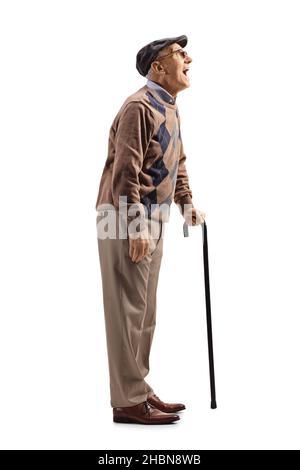 Ganzkörperaufnahme eines älteren Mannes, der mit einem offenen Mund auf weißem Hintergrund isoliert steht Stockfoto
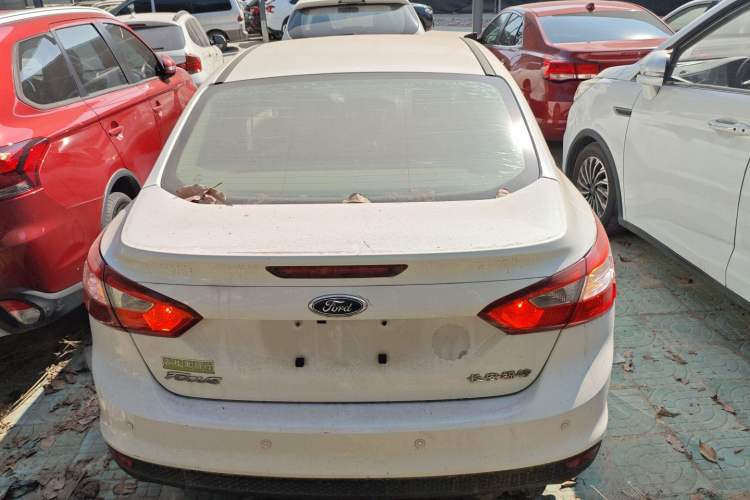 Used Ford Focus 2012 Sedan 1.6L Automatic Comfort Model
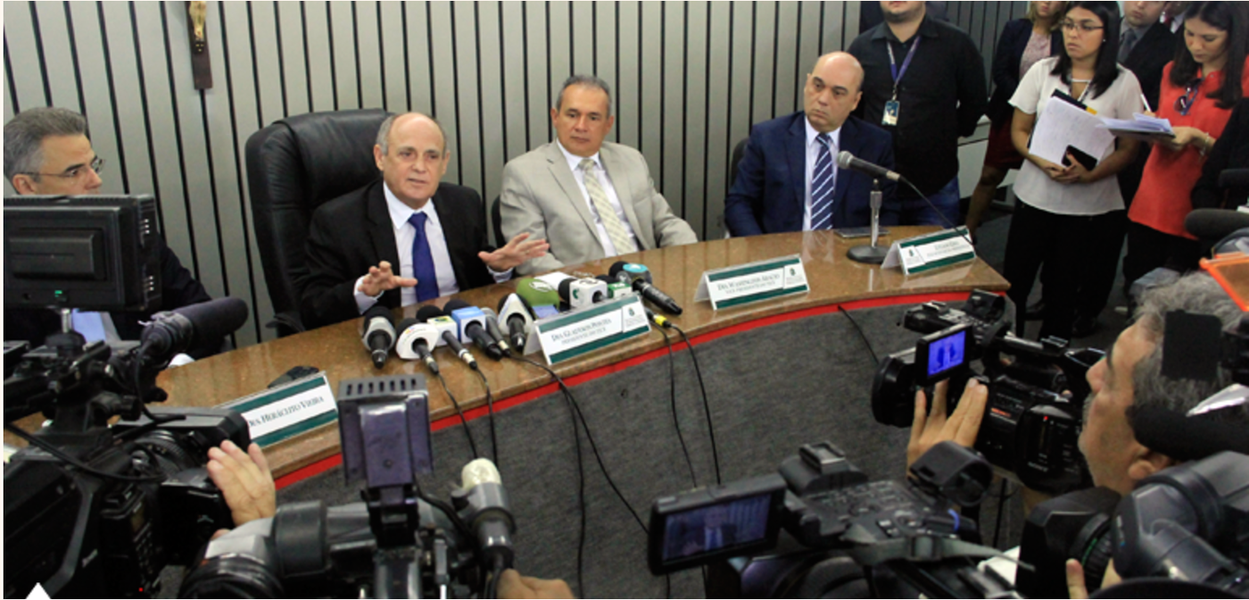 Em coletiva de imprensa nesta quinta-feira (6), o presidente do Tribunal de Justiça do Ceará (TJ-CE), explicou o projeto de lei da Organização Judiciária, que vem causando polêmica devido à extinção de comarcas do Estado. “Por mais paradoxal que pareça aos leigos, o projeto aproxima ainda mais Judiciário e sociedade. Vamos tornar o processo mais célere, aglutinando força de trabalho nos locais mais demandados”, explicou 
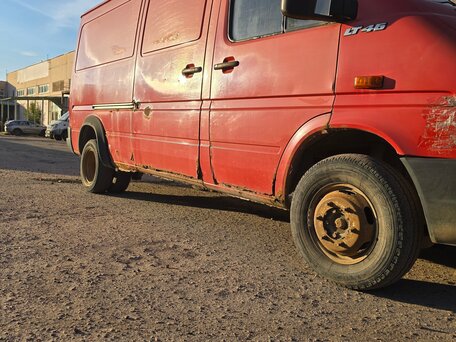1999 Volkswagen LT, красный, 250000 рублей, вид 3
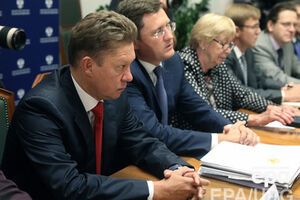 Глава "Газпрома" Алексей Миллер и министр энергетики России Александр Новак на газовых переговорах в Берлине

WHAT YOU ARE ASKED TO DO: When you reproduce the data shown above, keep each line exact and omit every picture.

RESULT OF THE TASK:
 Ganzkörperaufnahme eines älteren Mannes, der mit einem offenen Mund auf weißem Hintergrund isoliert steht Stockfoto
 Used Ford Focus 2012 Sedan 1.6L Automatic Comfort Model
 Em coletiva de imprensa nesta quinta-feira (6), o presidente do Tribunal de Justiça do Ceará (TJ-CE), explicou o projeto de lei da Organização Judiciária, que vem causando polêmica devido à extinção de comarcas do Estado. “Por mais paradoxal que pareça aos leigos, o projeto aproxima ainda mais Judiciário e sociedade. Vamos tornar o processo mais célere, aglutinando força de trabalho nos locais mais demandados”, explicou 
1999 Volkswagen LT, красный, 250000 рублей, вид 3
 Глава "Газпрома" Алексей Миллер и министр энергетики России Александр Новак на газовых переговорах в Берлине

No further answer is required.